• **WHAT YOU HAVE TO DO**
Find the line with "Eva Franco Anthropologie" in the data below. Repeat it and every line after it exactly, but not the pictures.

• **SUPPLIED MATERIAL**
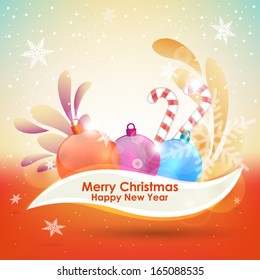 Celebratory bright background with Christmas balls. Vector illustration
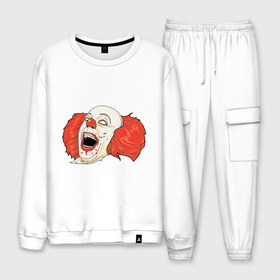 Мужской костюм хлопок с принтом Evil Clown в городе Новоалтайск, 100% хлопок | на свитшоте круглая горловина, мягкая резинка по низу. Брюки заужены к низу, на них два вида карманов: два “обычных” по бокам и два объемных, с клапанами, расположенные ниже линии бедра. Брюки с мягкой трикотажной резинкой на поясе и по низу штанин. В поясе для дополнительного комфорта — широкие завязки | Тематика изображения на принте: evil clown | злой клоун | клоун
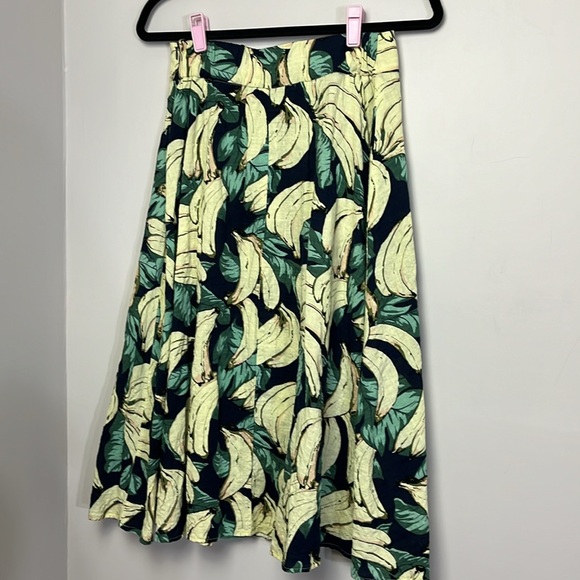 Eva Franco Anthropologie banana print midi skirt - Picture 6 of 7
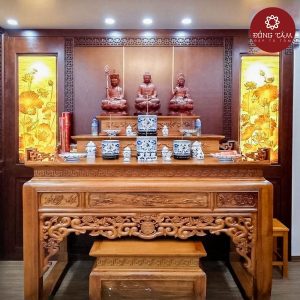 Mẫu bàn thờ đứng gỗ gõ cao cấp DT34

• **OUTPUT BELOW**
 Eva Franco Anthropologie banana print midi skirt - Picture 6 of 7
 Mẫu bàn thờ đứng gỗ gõ cao cấp DT34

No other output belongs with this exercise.